> [Stored data]

====================

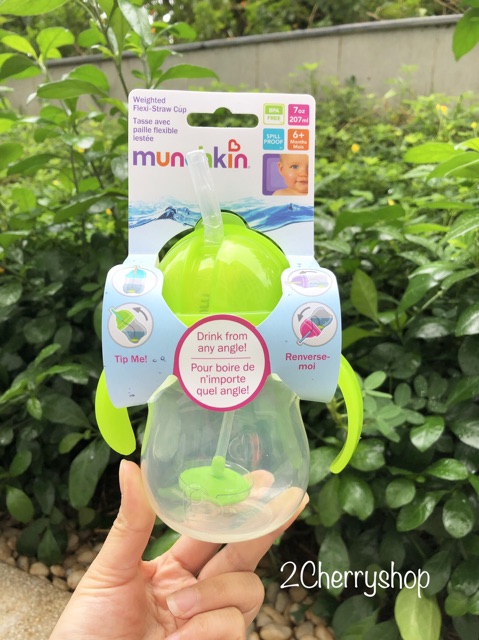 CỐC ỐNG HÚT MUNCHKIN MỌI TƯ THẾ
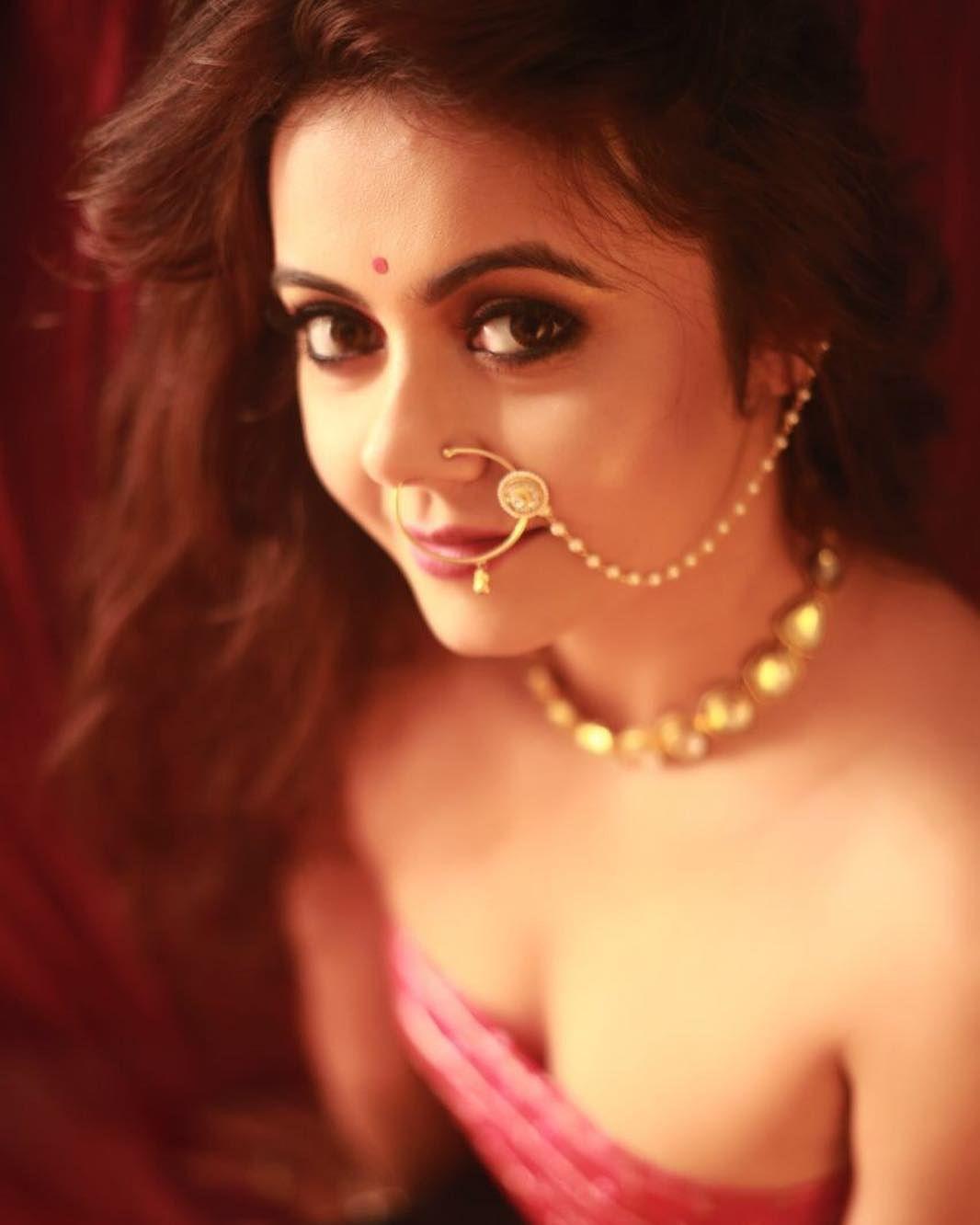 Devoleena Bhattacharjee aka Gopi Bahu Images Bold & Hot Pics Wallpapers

====================

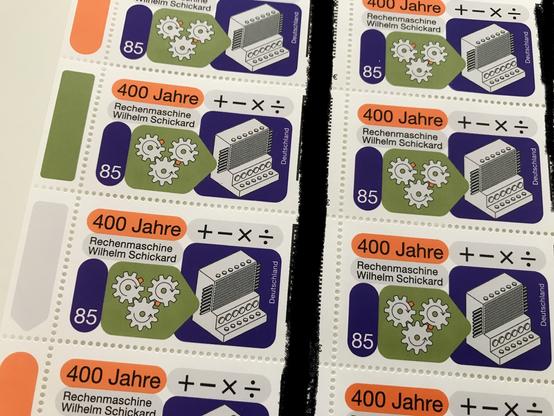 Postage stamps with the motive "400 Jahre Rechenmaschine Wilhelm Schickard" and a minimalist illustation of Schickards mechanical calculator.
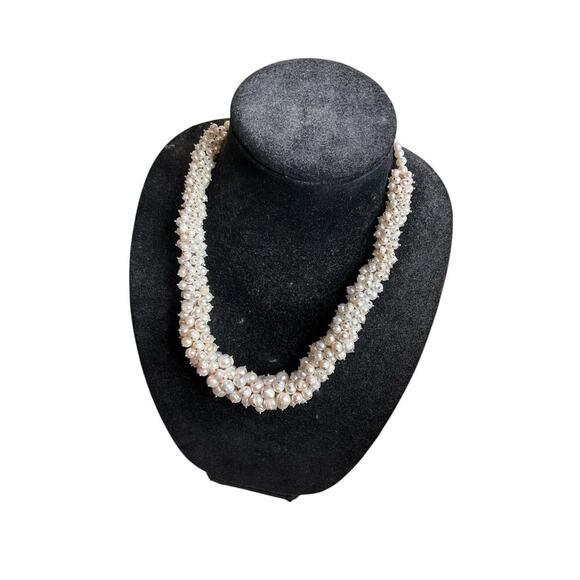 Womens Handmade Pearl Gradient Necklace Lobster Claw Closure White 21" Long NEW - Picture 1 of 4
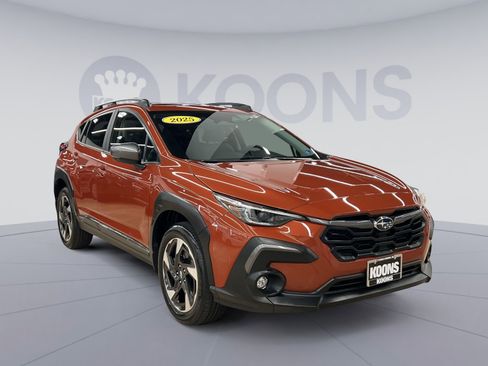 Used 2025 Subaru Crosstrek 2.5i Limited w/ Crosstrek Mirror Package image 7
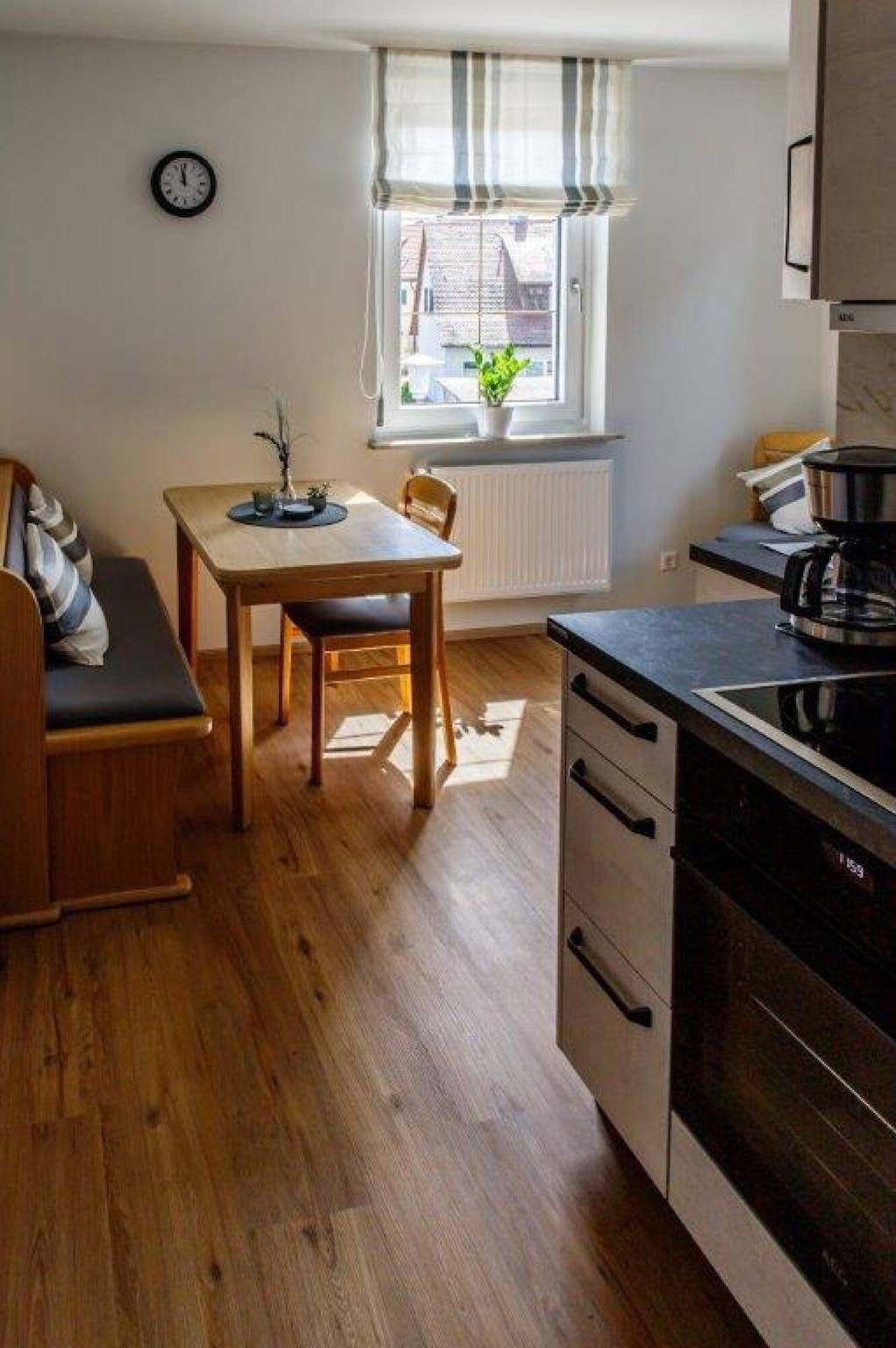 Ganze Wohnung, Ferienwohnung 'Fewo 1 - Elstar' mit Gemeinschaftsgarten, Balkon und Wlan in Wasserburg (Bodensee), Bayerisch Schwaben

====================

> [Exercise directions]
Quote the lines above exactly, starting with the one that has "CỐC ỐNG HÚT MUNCHKIN MỌI TƯ THẾ" and ending with the one that has "Devoleena Bhattacharjee aka"; drop the pictures and include nothing else.

> [Your solution]
 CỐC ỐNG HÚT MUNCHKIN MỌI TƯ THẾ
 Devoleena Bhattacharjee aka Gopi Bahu Images Bold & Hot Pics Wallpapers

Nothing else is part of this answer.